Coup d'État: The Technique of Revolution
- Tecnica del colpo di stato, 1948 Italian translation
- Author: Curzio Malaparte
- Original title: Technique du coup d'état
- Translator: Sylvia Saunders
- Language: French
- Subject: Coup d'état
- Publisher: Éditions Grasset
- Publication date: 1931
- Publication place: France
- Published in English: 1932
- Pages: 297

= Coup d'État: The Technique of Revolution =

1931 book by Curzio Malaparte

Coup d'État: The Technique of Revolution (Technique du coup d'état; Tecnica del colpo di stato) is a 1931 book by the Italian writer Curzio Malaparte.

==Summary==
Coup d'État: The Technique of Revolution consists of Curzio Malaparte's reflections on modern coups d'état. It devotes chapters to the Bolshevik Revolution with a focus on Leon Trotsky's and Vladimir Lenin's roles, the 1920 Battle of Warsaw, the Kapp Putsch in Germany, Napoleon Bonaparte as the inventor of the modern coup d'état, Miguel Primo de Rivera's rise to power in Spain, Benito Mussolini and the March on Rome, and the possibility that Adolf Hitler will come to power in Germany.

==Publication==
The book was written in Paris after Malaparte had fallen out with the Italian Fascist Party, with which he had a turbulent relationship.

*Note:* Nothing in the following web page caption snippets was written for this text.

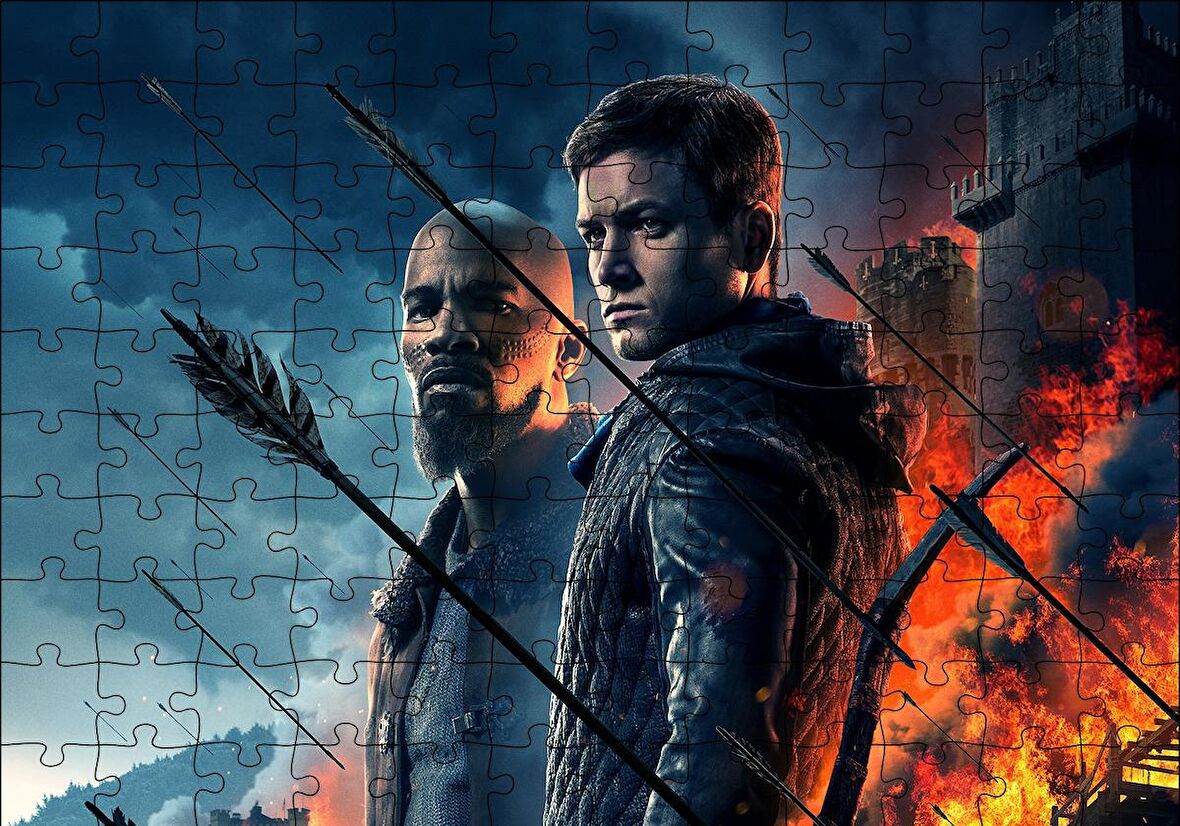 Cakapuzzle  Robin Hood Taron Eggerton Jamie Fox Puzzle Yapboz MDF Ahşap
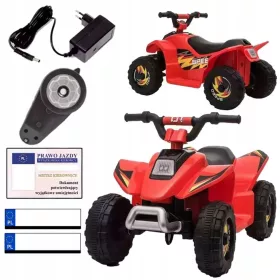   Električni otroški štirikolesnik na akumulator Quad Rdeč + Tablice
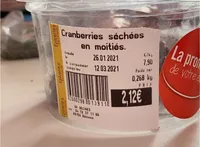 Cramberries sechées en moitiés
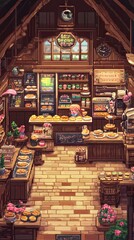 Fototapeta premium Charming Pixel Art Bakery Interior: Vintage Shop with Pastries and Flowers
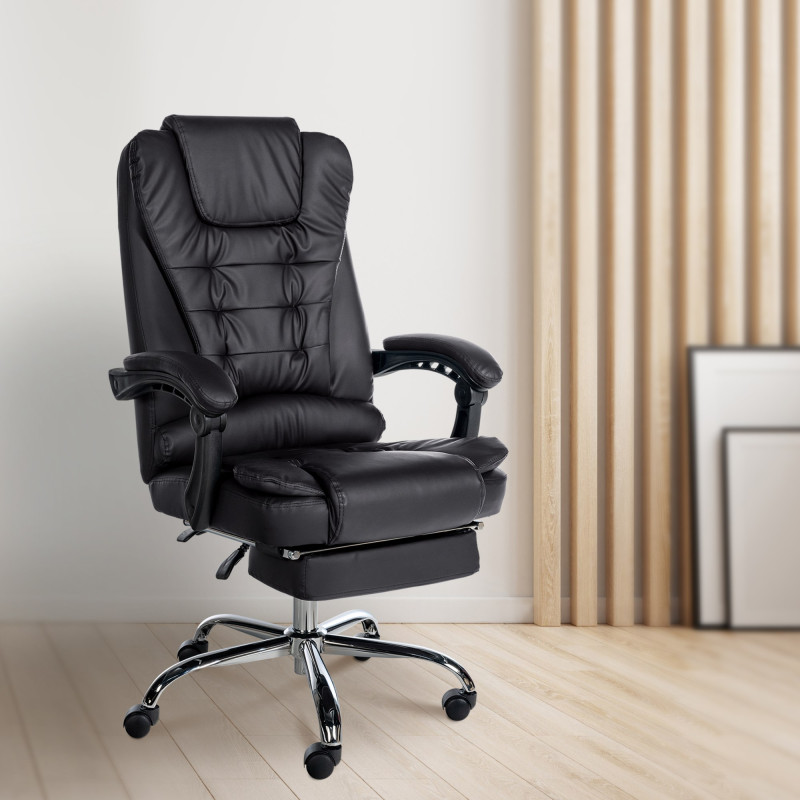 Chaise de bureau Oxygen en cuir artificiel noir
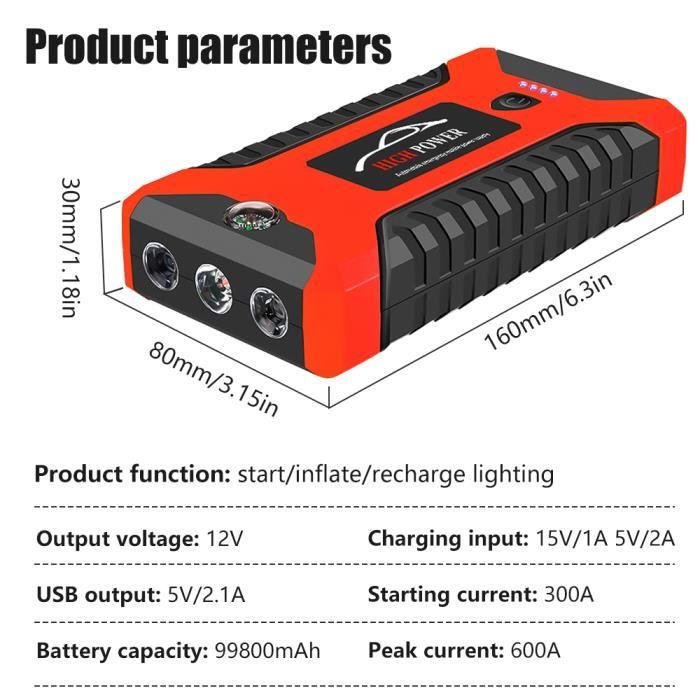 WELAN 99800mah Booster batterie 12V portable car Jump starter démarreur de  voiture urgence sans fil avec lampe - Cdiscount Auto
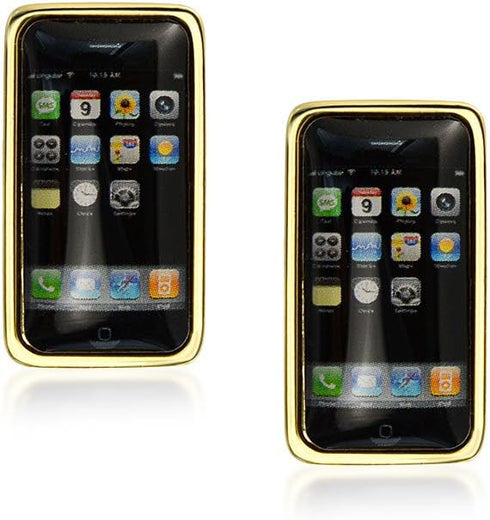 Computer Greek USB Texting @ Black Smart Phone Cufflinks For Men Executive Graduation Gift Bullet Hinge Back Gold Plated Stainless Steel...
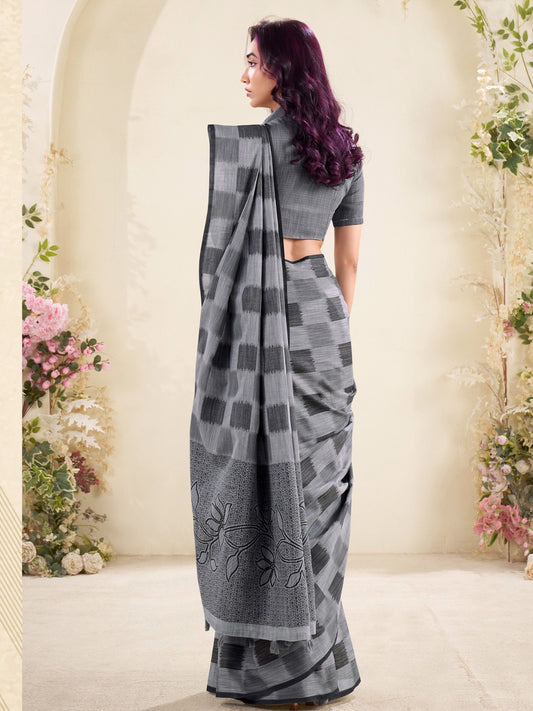 Sutriti Women Grey & Black Checked Linen Saree with Floral Pallu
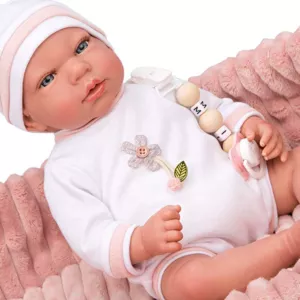 Doll-baby Lola in a pink plush basket, actual weight - 40 cm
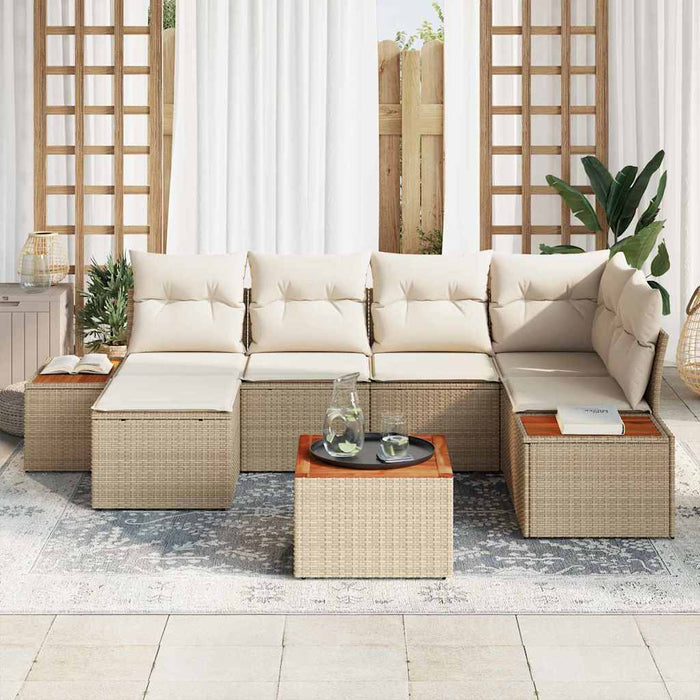 Set de canapele pentru grădină cu pernă 7 pcs Bej poliratan - WALTI WALTI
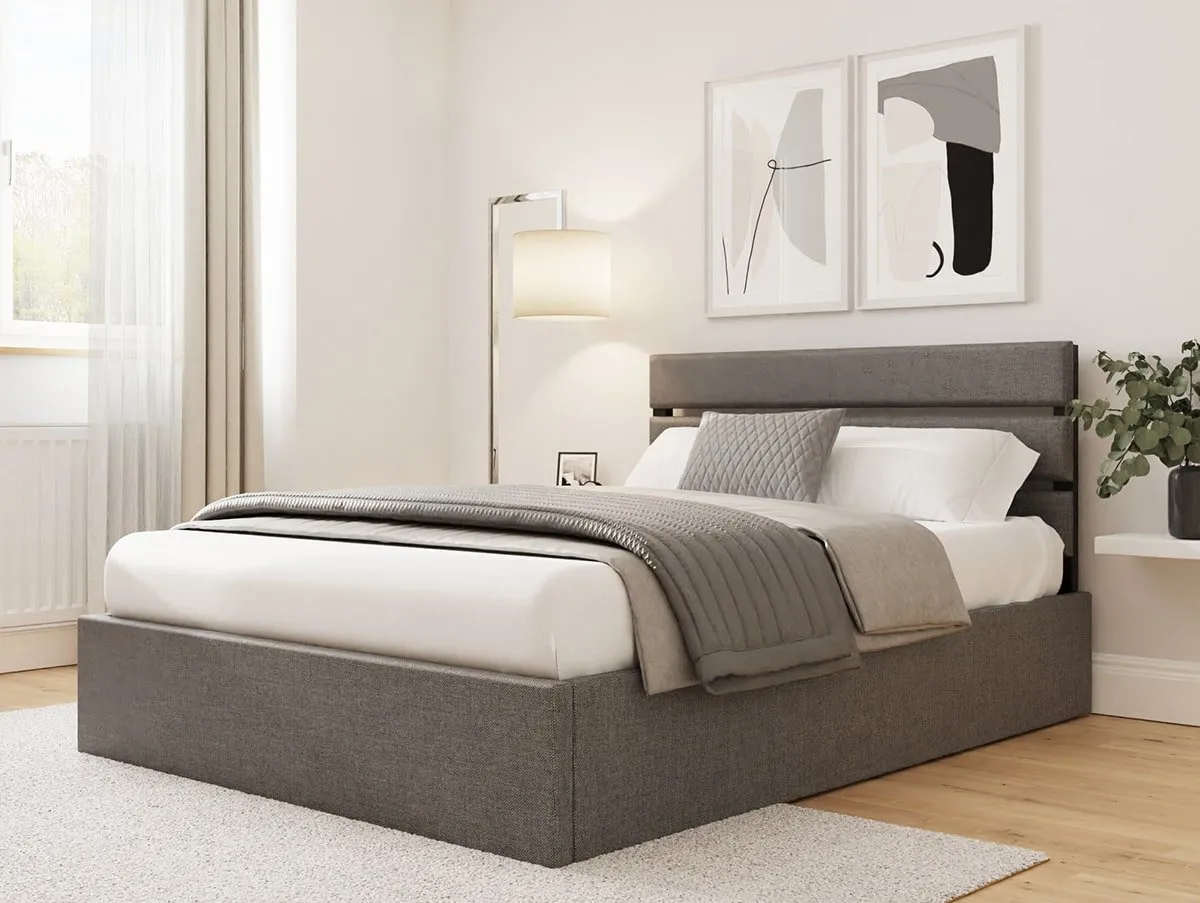 GFW GFW Hudson 5ft King Size Grey Fabric Ottoman Bed Frame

It was first published in French in 1931 by Bernard Grasset, from a translation by Juliette Bertrand (293 pages) and in English translation by Sylvia Saunders in 1932 (New York : E.P. Dutton & Co.). In Italian it appeared in 1948 as Tecnica del colpo di stato (Milano, Valentino Bompiani). The book created controversy and Malaparte was accused of cynicism and hypocrisy. Because of its negative assessment of Hitler, Malaparte was persecuted and imprisoned in Italy for spreading "antifascist propaganda abroad".

After being out of print for decades, the book has been republished by Tikhanov Library, in the Saunders translation, as Coup d'Etat. This version contains an appendix consisting of a speech given by Leon Trotsky addressing his portrayal by Malaparte.